There is also a comment in ARMFrameLowering referring to this optimisation, which should be updated:

// Force LR to be spilled if the Thumb function size is > 2048. This enables
// use of BL to implement far jump. If it turns out that it's not needed
// then the branch fix up path will undo it.
llvm/test/CodeGen/Thumb/remove-unneeded-push-pop.ll
8

This test can just be removed, there's not much point in testing that we don't do a valid (in this case) optimisation. We also generally prefer to avoid leaving references to code which has been deleted.

for an optimisation which I wouldn't expect to trigger very often (needs a function > 2048 bytes, but not needing more than 4 registers).

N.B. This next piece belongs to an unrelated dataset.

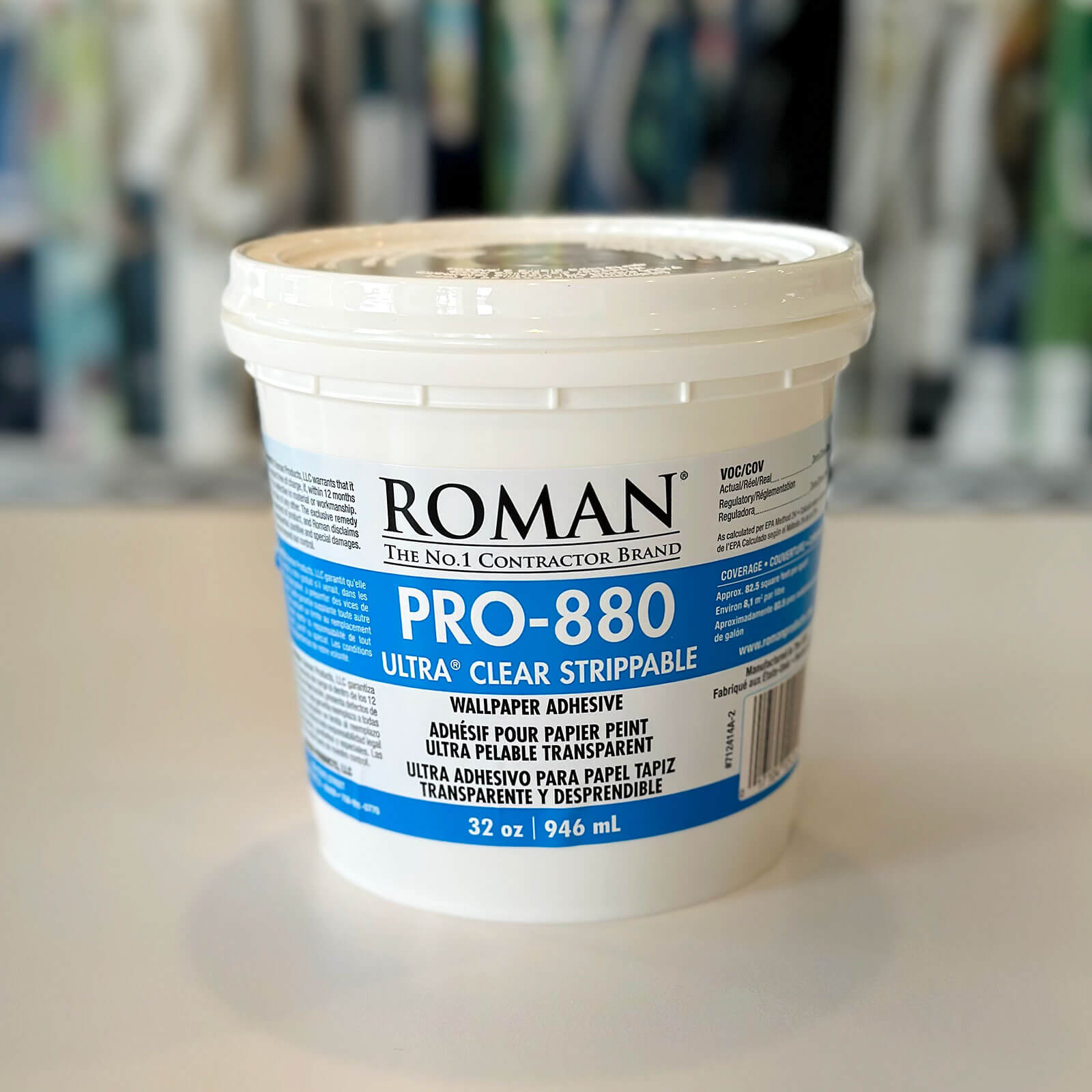 ROMAN PRO-880 Wallpaper Adhesive & Paste - Ultra UK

Therefore I'm OK with just removing it.

+1

huihuiz updated this revision to Diff 247323.Feb 28 2020, 11:21 AM
huihuiz marked an inline comment as done.
huihuiz edited the summary of this revision. (Show Details)
huihuiz edited reviewers, added: ostannard; removed: olista01.

Thank you so much Oliver Stannard for the review!

Getting rid of a few more unnecessary code.

ostannard accepted this revision.Mar 2 2020, 4:57 AM

LGTM, thanks.

This revision is now accepted and ready to land.Mar 2 2020, 4:57 AM
This revision was automatically updated to reflect the committed changes.